▶ _What you need to do_:
Retype the data that follows exactly. No pictures belong in the copy.

▶ _Information supplied_:
# # #

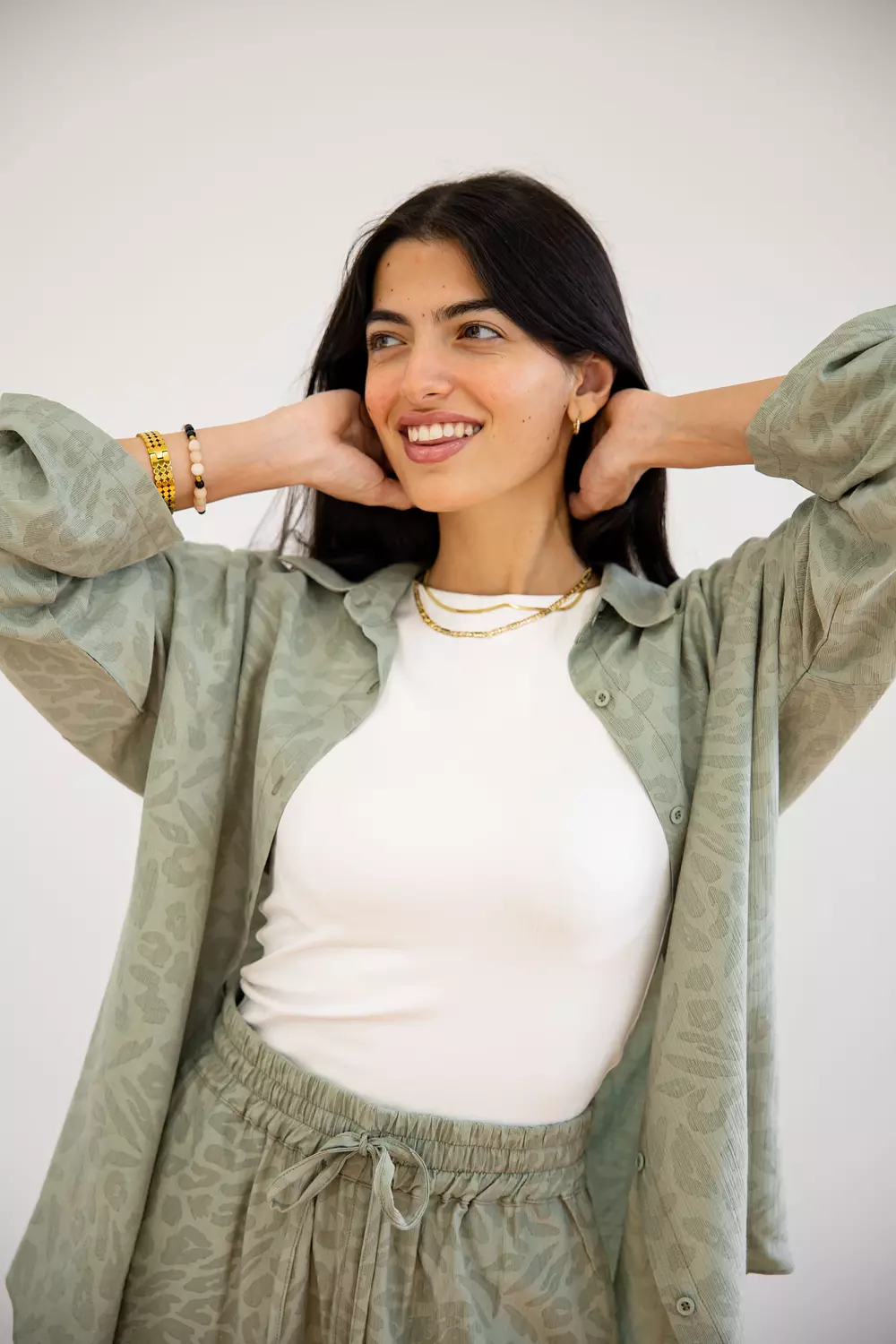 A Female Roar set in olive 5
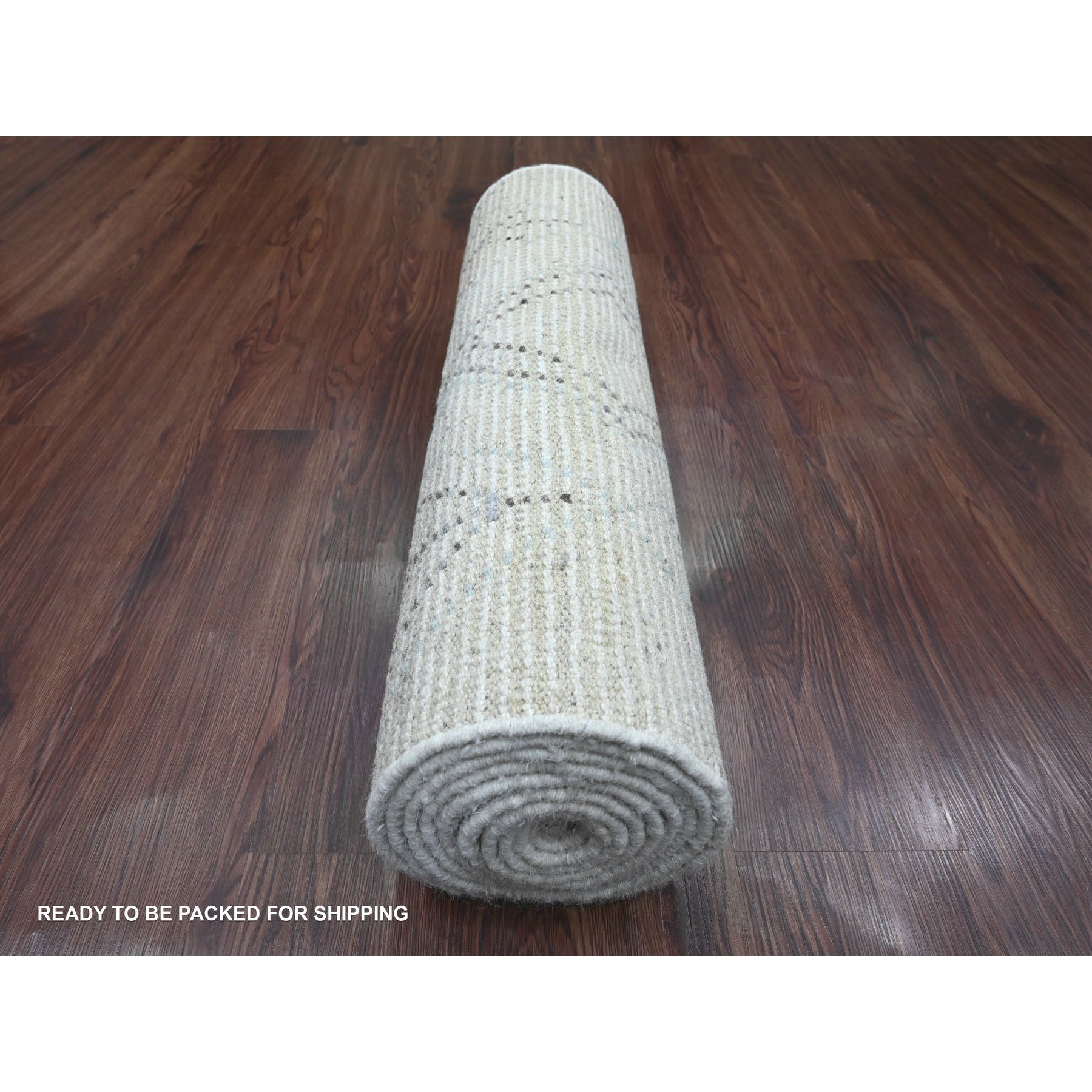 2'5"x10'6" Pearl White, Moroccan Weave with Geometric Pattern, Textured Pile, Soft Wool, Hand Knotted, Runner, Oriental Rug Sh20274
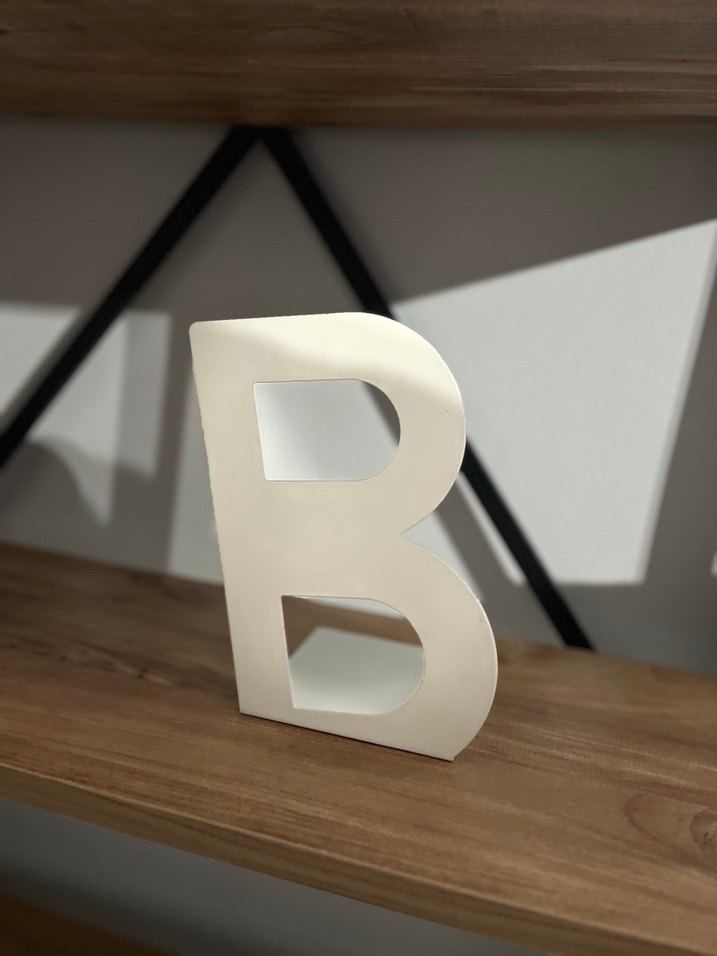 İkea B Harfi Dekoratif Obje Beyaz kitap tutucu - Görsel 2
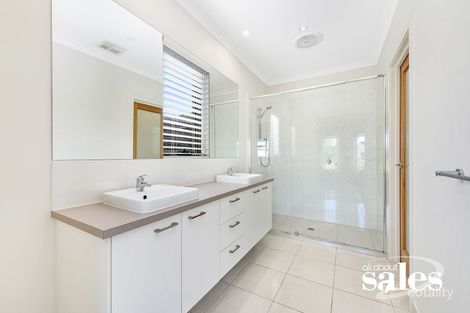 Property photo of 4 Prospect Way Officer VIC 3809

# # #

▶ _Answer area_:
 A Female Roar set in olive 5
 2'5"x10'6" Pearl White, Moroccan Weave with Geometric Pattern, Textured Pile, Soft Wool, Hand Knotted, Runner, Oriental Rug Sh20274
 İkea B Harfi Dekoratif Obje Beyaz kitap tutucu - Görsel 2
 Property photo of 4 Prospect Way Officer VIC 3809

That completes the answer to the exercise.